Harrisは皆を連れてストライキを主導する.Diorのところへ,Andreを連れていき,新しい計画について話を聞かせる.
結局,Andreの計画は受け入れられ,従業員は仕事が増えることで解雇されずに済んだ.
・後始末
Harrisは,Corbertの家を訪ね,ディオールにはあなたが必要と辞めることをやめさせ,モデルを辞めて,パリを去るというNatashaをみつけAndreとくっつける.
・ドレスの行方
ヴィーナスを受け取ったHarrisは,家に到着.すぐに,売れない女優である顧客が家を訪ねてくる.大事な日に着ていくドレスがない,と.

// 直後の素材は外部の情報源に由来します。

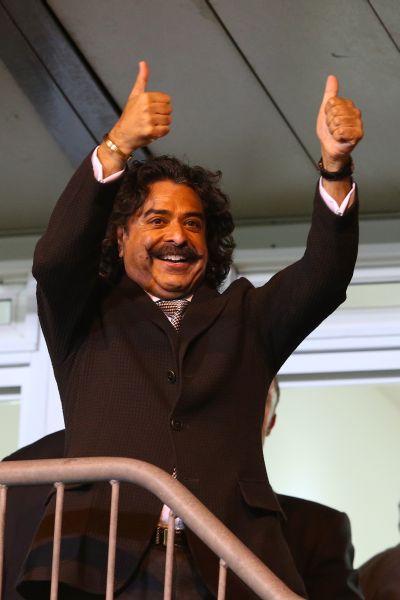 Shahid Khan celebrating Fulham's victory in the Barclays Premier League.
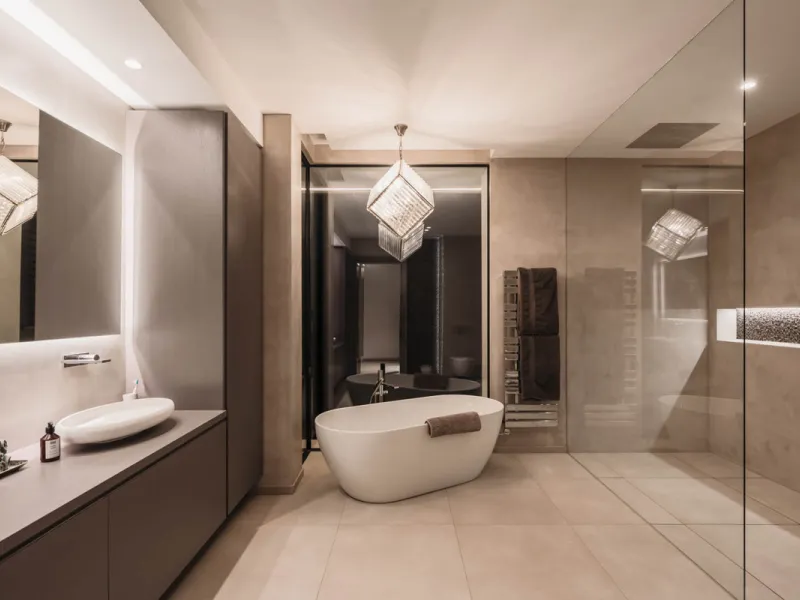 Designed by a distinguished architect, this villa is spread over two levels with an impressive built area. It features five luxurious bedrooms, each with its ensuite bathroom, an additional guest toilet, and a guest apartment that matches the main villa's
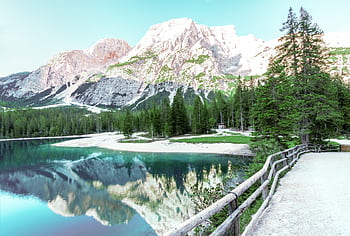 Stunning view of an alpine lake with clear reflections of snow-capped mountains and lush green trees. HD wallpaper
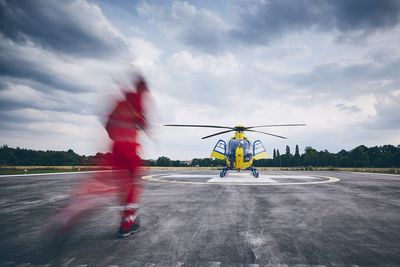 Ground crew running on airport runway against helicopter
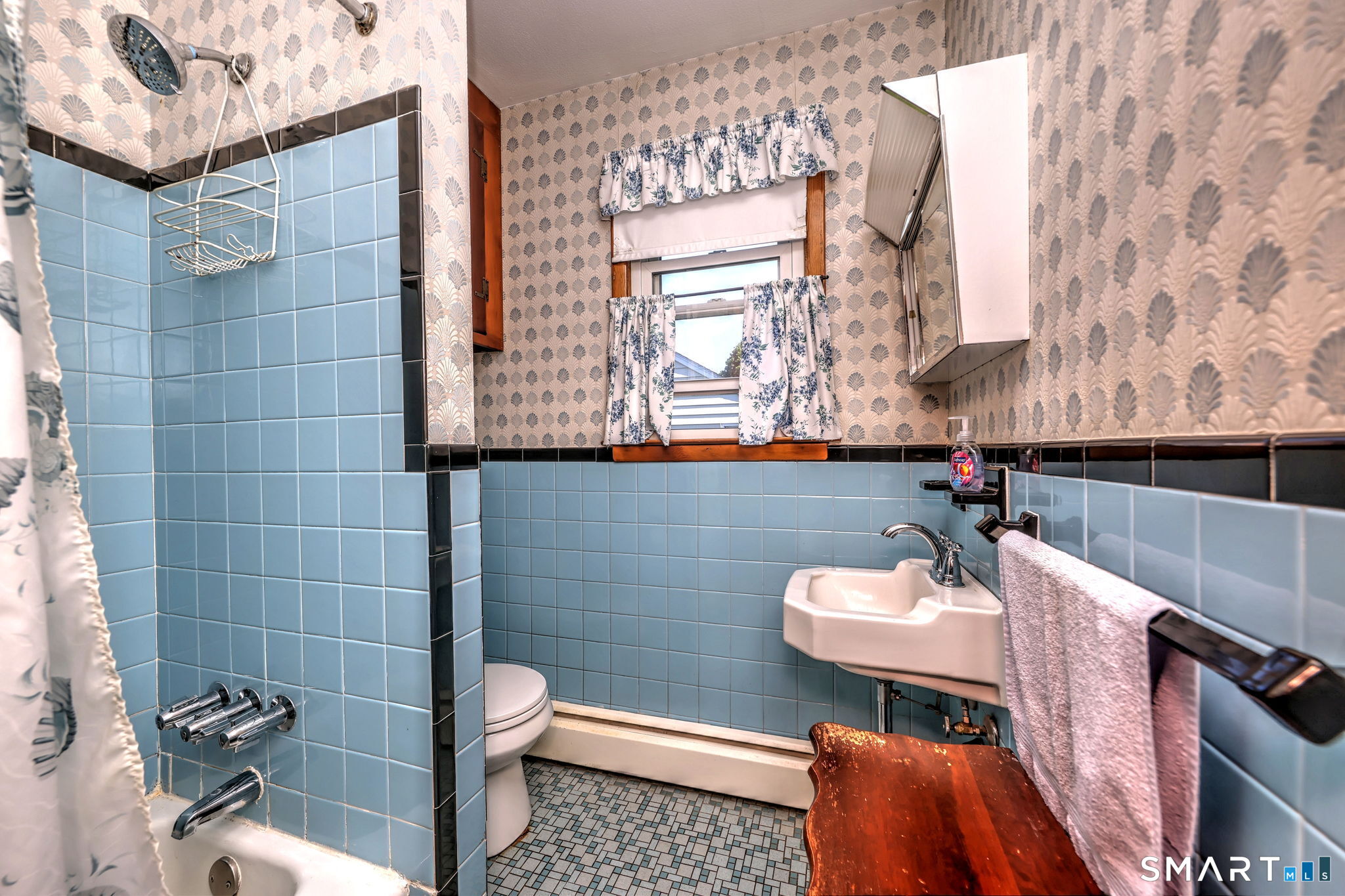 212 Swain Avenue Meriden, CT 06450 - Photo 33 of 38 a bathroom with a sink a toilet and a mirror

そこでドレスを貸してやる,,がその若い女はそのドレスを駄目にしてしまう.一度も着ていないのに.
落胆するHarris.
・贈り物
大きな包が届く.花も.ディオールの皆がニュースを知って,誘惑をHarris用に直して届けてくれたのだった.花は侯爵からだった.
・軍人会ダンス
誘惑をまとったHarrisはArchieとダンスを踊った.
===
・わからないところ その1
なぜCarre氏と仲直りできたのか,,
Harrisは,フィッティングに遅刻し,チーフのCarre氏にキレられてしまい,もうドレスは作らないと言われる.
が,,Carre氏は,Harrisと共通の話題を見つけた,,ということで仲良くなっていた.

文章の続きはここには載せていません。